#14644 closed task (fixed)

Improve cmm/assembly for pattern matches with two constants.

Reported by: AndreasK Owned by: AndreasK
Priority: normal Milestone: 8.6.1
Component: Compiler (CodeGen) Version: 8.2.2
Keywords: Codegen, CMM, Patterns, Pattern Matching Cc:
Operating System: Unknown/Multiple Architecture: Unknown/Multiple
Type of failure: None/Unknown Test Case:
Blocked By: Blocking:
Related Tickets: Differential Rev(s): Phab:D4294
Wiki Page:

Description

For a pattern like:

f_test :: Int#->Int#
f_test a = case a of
    1# -> 33#
    7# -> 34#
     _ -> -1#

GHC currently generates code that works best if the default branch is taken most often.

Pseudo-Code

if (a >= 8)
    return -1;
else {
    if (a < 7) {
        if(a != 1)
            return -1;
        else
            return 33;
    } 
    else
        return 34;
}

CMM:

       c1cr: // global
           if (%MO_S_Ge_W64(R2, 8)) goto c1co; else goto u1cu;
       u1cu: // global
           if (%MO_S_Lt_W64(R2, 7)) goto u1cv; else goto c1cq;
       u1cv: // global
           if (R2 != 1) goto c1co; else goto c1cp;
       c1co: // global
           R1 = (-1);
           call (P64[Sp])(R1) args: 8, res: 0, upd: 8;
       c1cp: // global
           R1 = 33;
           call (P64[Sp])(R1) args: 8, res: 0, upd: 8;
       c1cq: // global
           R1 = 34;
           call (P64[Sp])(R1) args: 8, res: 0, upd: 8;
     }

Wouldn't the following be better?

if(a == 1)
    return 33
else if(a == 7)
    return 34
else
    return -1

I would expect that to

  • Improve the cases:
    • a = 1
    • a < 7
  • Be the same for:
    • a = 7
  • Be worse for
    • a > 8

This would be especially nice for the cases where the default branch is raising a pattern match exception. Which is a code path I wouldn't expect to be taken often nor be very performance sensitive.

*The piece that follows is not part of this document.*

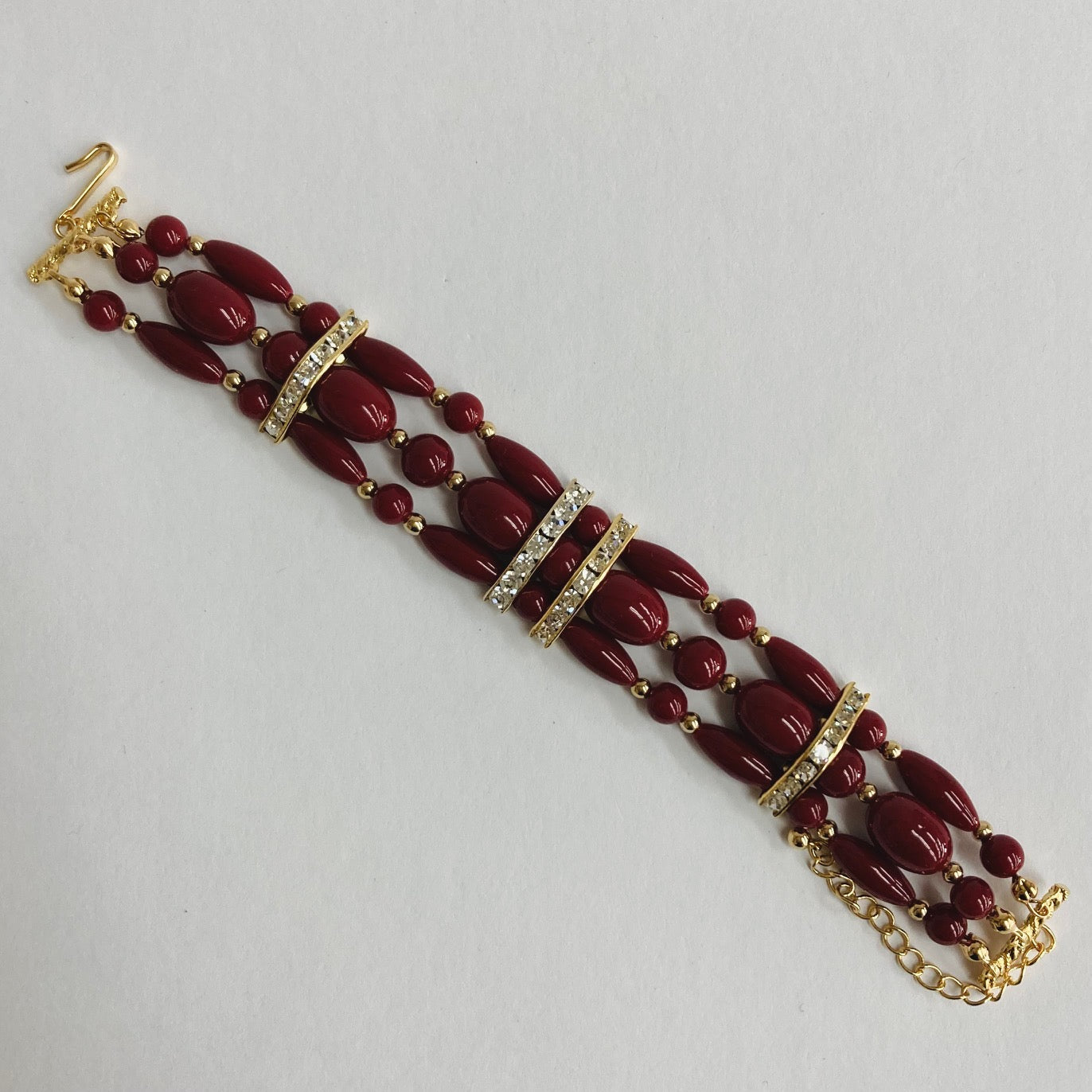 【Made in Japan】"AKADAMA" 3 strands Bijoux Bracelet AK13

Even if we keep the current logic there is room for improvement. GHC currently creates the following assembly:

_c1cr:
	cmpq $8,%r14
	jge _c1co
_u1cu:
	cmpq $7,%r14
	jl _u1cv
_c1cq:
	movl $34,%ebx
	jmp *(%rbp)
_u1cv:
	cmpq $1,%r14
	jne _c1co
_c1cp:
	movl $33,%ebx
	jmp *(%rbp)
_c1co:
	movq $-1,%rbx
	jmp *(%rbp)

It would be nice if we could remove one comparison at least.

_c1cr:
	cmpq $7,%r14
	jg _c1co
_u1cu:
	;No longer neccesary cmpq $7,%r14
	jl _u1cv
_c1cq:
	movl $34,%ebx
	jmp *(%rbp)
_u1cv:
	cmpq $1,%r14
	jne _c1co
_c1cp:
	movl $33,%ebx
	jmp *(%rbp)
_c1co:
	movq $-1,%rbx
	jmp *(%rbp)

Change History (16)

comment:1 Changed 21 months ago by simonpj

Looks plausible to me. I wonder how we'd measure any potential benefit?

comment:2 Changed 21 months ago by AndreasK

It should also be possible to see the difference using criterion or instruction counters when running affected code in a tight loop.

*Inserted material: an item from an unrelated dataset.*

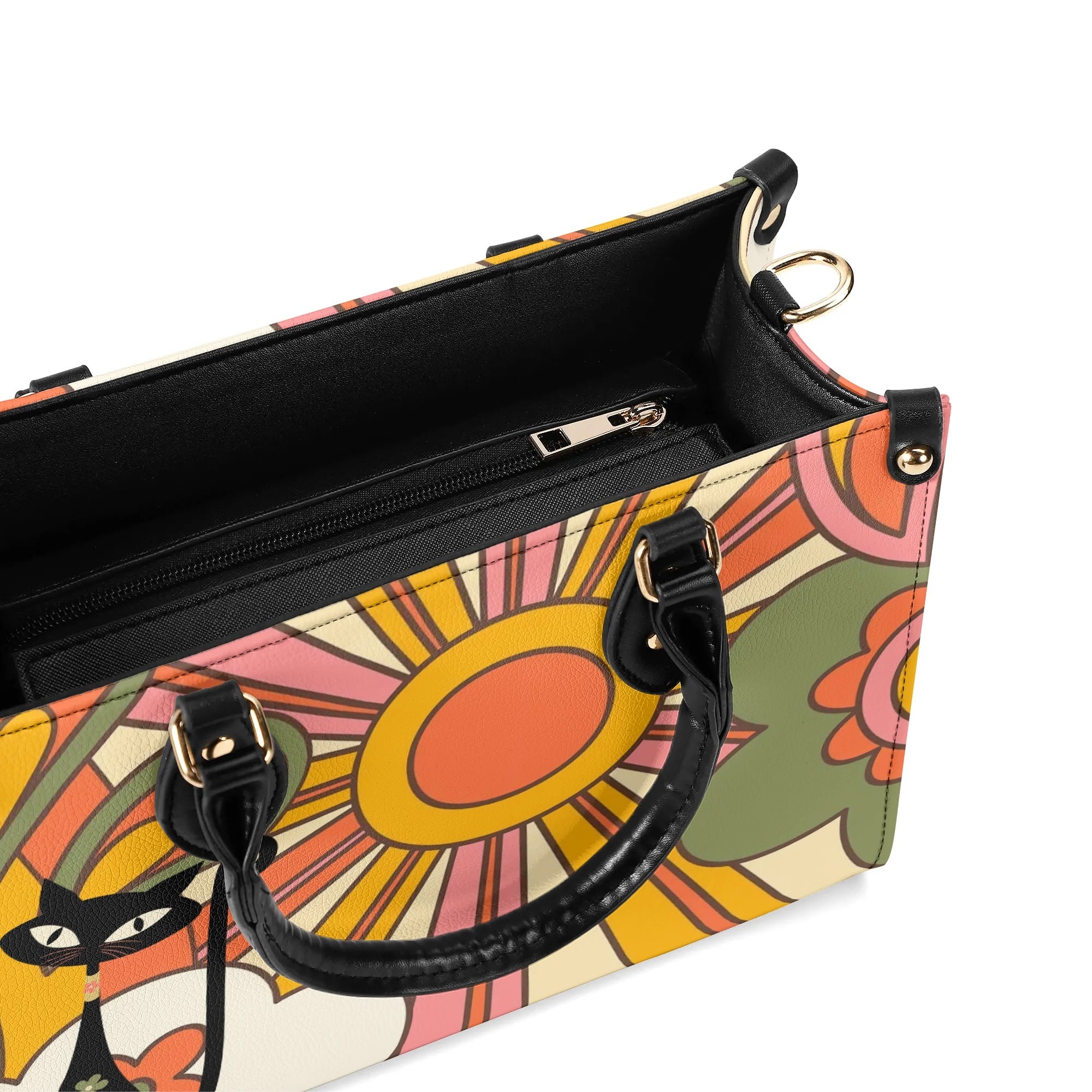 1970s Groovy Handbag, Atomic Kitty, Flower Power Hip Chic Trendy Kitsch Shoulder Bag - Mid Century Modern Gal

I will take a stab at changing the logic to if ... else if ... else for these cases. I think that's a good starting point to learn how Cmm works inside GHC.

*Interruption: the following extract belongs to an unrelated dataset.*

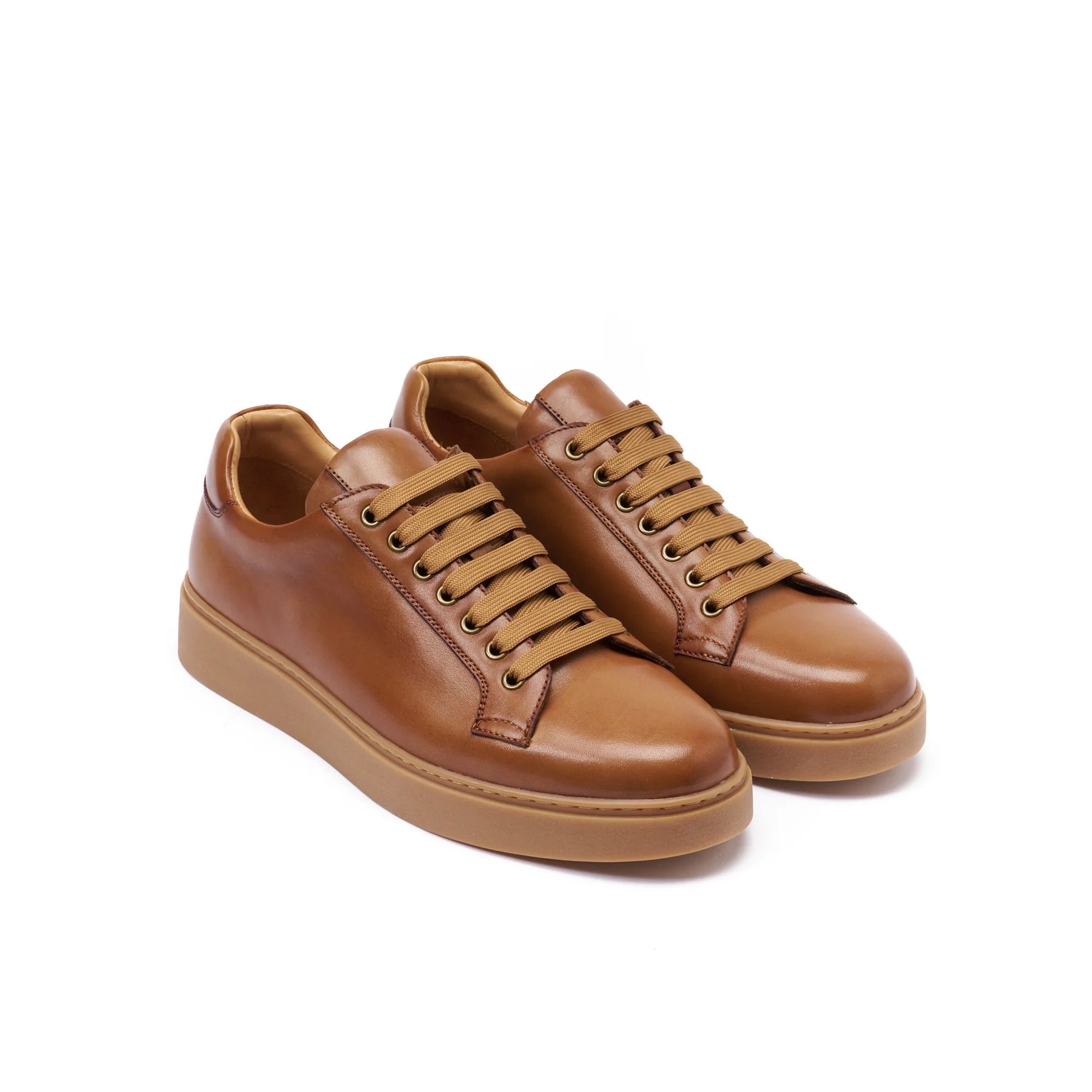 Lace-Up Trainers, Light Brown - Men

comment:3 Changed 21 months ago by svenpanne

I am not sure if things are that easy: To do these kind of switches in a really good way, one would need a probability distribution how often the individual cases actually happen.

If we e.g. assume that all Ints happen equally often in the example above, it would be best to check for <1 and >7 first, so we would get roughly 1.5 comparisons on average. Depending on the number of registers available, you can even get away with 1 subtraction and 1 unsigned comparison for this range check, a classic C hack (ab)using wrap-around for unsigned ints.

If we have some hints, e.g. raising a pattern matching exception, we could do better, e.g. assume 0% probability for this case. If we have more detailed (estimated) probabilities, we could do a Huffman-like decision tree. This is where profile-guided optimization shines.

Additional things to consider: Performance in tight loops is often vastly different, because branch prediction/caching will most likely kick in visibly. Correctly predicted branches will cost you almost nothing, while unknown/incorrectly predicted branches will be much more costly. In the absence of more information from their branch predictor, quite a few processors assume that backward branches are taken and forward branches are assumed to be not taken. So code layout has a non-trivial performance impact.

Instruction counts are quite misleading nowadays...

comment:4 in reply to:  3 Changed 21 months ago by AndreasK

Replying to svenpanne:

I am not sure if things are that easy: To do these kind of switches in a really good way, one would need a probability distribution how often the individual cases actually happen.

This is by no means meant as a "this is optimal" idea.

As far as I'm aware there is currently no way to propagate probabilities through GHC's various stages. So even in cases where we can make a judgement on the probability we can't really use it at the Cmm level.

In the end I suggested it because it:

  • I think it has a good chance of being faster
  • Leads to smaller code
  • Seems to be what gcc/clang do (using conditional moves instead of jumps but still).

But then vmove doesn't stall the pipeline . I will see if an improvement is measureable I guess.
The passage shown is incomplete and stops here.